2013年の高年齢者雇用安定法改定や、2015年の女性活躍推進法、国連サミットでのSDGs採択など、多様な人材をどう活かすかが企業の課題となっている。

本田技研工業(ホンダ)は12月21日、人材の多様化に技術で応えるべく、同社の先端科学技術の研究を担う、ホンダ・リサーチ・インスティチュート・ジャパン(HRI-JP)とホンダ太陽、ホンダR&D太陽の3社で聴覚障がい者と健聴者の双方向コミュニケーションをサポートするシステム「ホンダ・コミュニケーション・アシスタンス・システム」(Honda CAシステム)を開発、社内利用の様子をメディアに公開した。

  • Honda CAシステムの機材

    Honda CAシステムの機材

ホンダ太陽、ホンダR&D太陽は、「障がいのある人達の社会的自立の促進」と言う理念のもと設立された特例子会社。 聴覚障がい者と健聴者が勤務する、ホンダR&D太陽内で両者間のコミュニケーションの問題が顕在化したことから、2017年より3年半をかけHonda CAシステムを開発、実証を進め、2020年9月より各事業所で導入を図っているという。

Honda CAシステムは、マイクロフォンを通して発話すると、テキスト配信PCが音声を取り込み、音声認識サーバーに転送。

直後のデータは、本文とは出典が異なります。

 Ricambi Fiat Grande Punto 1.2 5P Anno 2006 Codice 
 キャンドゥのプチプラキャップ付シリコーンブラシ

音声認識サーバーに搭載されたAI音声認識システムにより、リアルタイムでテキスト化が行われ、テキスト配信PCを介して各タブレットにテキストが配信される仕組みを採用することで、円滑なコミュニケーションを実現することを可能としている。

  • Honda CAシステムの概要図

    Honda CAシステムの概要図

テキスト配信PCには、自社で開発したテキスト配信、マイクからの音声の取り込みといったソフトウェアのほか、音声認識の開始、終了、テキスト表示、修正、各種設定などのユーザーインタフェースを備えている。

また、AI音声認識システムも自社で開発したもので、2年半にわたる実証とAI学習により、ホンダ内で使用される専門用語も認識可能。発話からテキスト化まで約2秒で実現でき、単語の認識誤り率も9%程度に抑えられているという。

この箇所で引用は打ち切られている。